Por su contenido y por la imposibilidad de detenerla, no de otra manera se puede denominar la incesante producción de fallos, leyes, decretos, resoluciones, circulares y demás documentos y actuaciones mediante los cuales todas las ramas del Estado invaden y traban cada vez más la vida de los colombianos.
Entre 2000 y 2016 se adoptaron en Colombia 17.000 decretos y 69.000 resoluciones. ¡Cerca de 3 decretos y 11 resoluciones por día! En ese mismo lapso, el Congreso emitió 1.323 leyes, o sea 78 por año, una cada 4 días y medio. Sin contar la infinidad de disposiciones que van desde los encumbrados fallos de nuestra Corte Constituyente hasta los acuerdos del más pequeño concejo municipal, la explosión regulatoria de Colombia es tal que en uno de los temas en los que peor calificación recibe el país en el Informe Mundial de Competitividad del Foro Económico Mundial 2017-2018 es en el de la carga por regulaciones gubernamentales. En este, Colombia ha venido perdiendo posiciones continuamente y hoy ocupa el puesto 123 entre 137 países.

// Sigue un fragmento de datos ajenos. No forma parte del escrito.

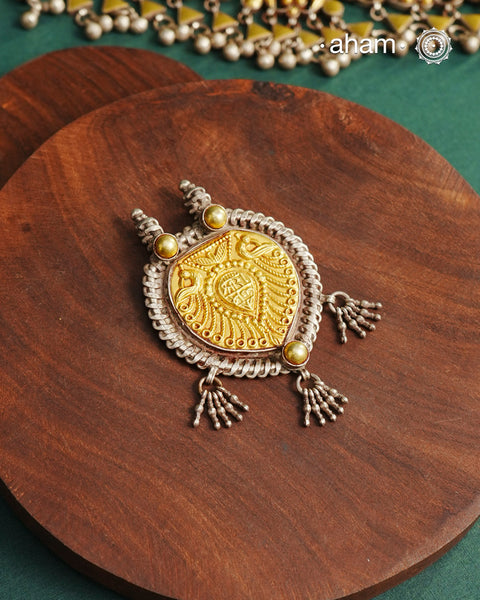 Enhance your style with the timeless elegance of the Dual Tone Silver Pendant. Handcrafted by skilled karigars in Barmer, Rajasthan, this neckpiece features traditional Bandhel work, where a thin sheet of hand beaten 22 carat gold is set on 92.5 silver using a unique wax setting technique. A classic representation of fine Indian traditional craftsmanship.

Para peor, en un país donde sacan una nueva ley para todo, es poca la idoneidad de las personas, autoridades o ‘expertos’ que imponen las normas. En el Congreso, por ejemplo, buena parte de quienes pueblan las Unidades de Trabajo Legislativo (UTL) son meras ‘corbatas’ nombradas para pagar favores políticos. Por eso el Gobierno, con sus ministerios, termina imponiendo la agenda legislativa y haciendo aprobar sus iniciativas sin mayor discusión pública. Como, generalmente, la calidad de quienes actúan en el Ejecutivo no es muy superior a la de los que están en las UTL, el resultado final es pésimo. Y así es en toda la línea, desde las normas nacionales hasta las del último municipio del país.
La oportunidad, racionalidad y eficacia del marco regulatorio son esenciales para que el país cuente con un esquema normativo que contribuya al desarrollo económico y social, y no uno que termine afectando la eficiencia y productividad. Por eso, una de las pocas buenas recomendaciones que la Ocde le ha hecho a Colombia es la de transformar su política regulatoria y establecer un “conjunto común y obligatorio de estándares y requisitos administrativos para preparar regulaciones de la máxima calidad y sustentadas en evidencia”.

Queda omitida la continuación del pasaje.